グラバー園. March 1985
I left my heart in Nagasaki...
Tony Bennett may have left his heart in San Francisco (a part of mine, too), but I bet he never visited Nagasaki. The city is one of those places where I arrived and loved it immediately. Maybe because it was one small corner of Japan that was just a little less "Japanese" than the rest of the country? Most definitely I loved its setting - almost all Japanese cities are built on the very scarce flat land in that country with few exceptions (Kobe and Hakodate to be exact, and they BOTH are like smaller versions of Nagasaki with similar histories!) Nagasaki, like Tony Bennett's San Francisco, is built into the hills and spills into lovely Nagasaki Bay. No "little cable cars", but from the moment I set eyes on it, I fell for the city.
My favorite place? Glover Garden (Gurabāen).

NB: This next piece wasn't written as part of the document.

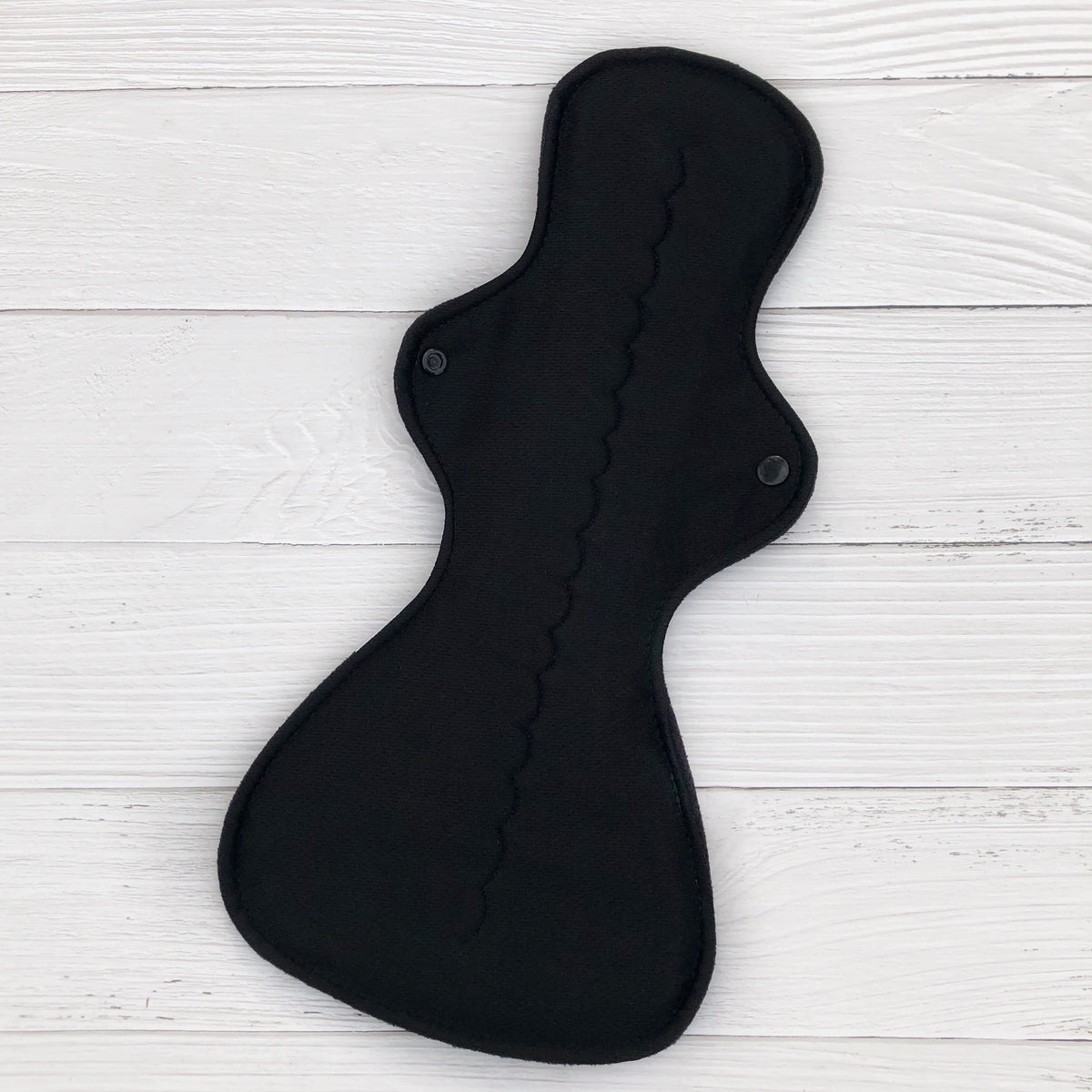 super absorbency reusable pad topped with black athletic wicking jersey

Glover Garden is a park in Nagasaki, Japan, built for Thomas Blake Glover, a Scottish merchant who contributed to the modernization of Japan in shipbuilding, coal mining, and other fields. In it stands the Glover Residence, the oldest Western-style house surviving in Japan and Nagasaki's foremost tourist attraction.
It is located on the Minamiyamate hillside overlooking Nagasaki harbor. It was built by Hidenoshin Koyama of Amakusa island and completed in 1863. It has been designated as an Important Cultural Asset. As the house and its surroundings are reminiscent of Puccini's opera, it is also known as the "Madame Butterfly House." Statues of Puccini and diva Miura Tamaki, famed for her role as Cio-Cio-san, stand in the park near the house. This house was also the venue of Glover's meetings with rebel samurai, particularly from the Chōshū and Satsuma domains.
(Wikipedia)
Thomas Blake Glover, I loved your house and its view over Nagasaki. I loved the whole history of the city with its ancient crypto-Christian community, its REAL Chinatown (the only one in Japan until Yokohama developed one years later), and its unique status as being the sole window to the outside world for centuries. Japan was a hermit kingdom for many years until the colonial powers came rapping at her door. Gurabā-san was one lucky Scotsman to live in that house and see a Japan that was forever to change once she finally opened her doors to the rest of the world.
I hope to make it back to Nagasaki one day and when I do, I will definitely make time to hang out in Glover Garden.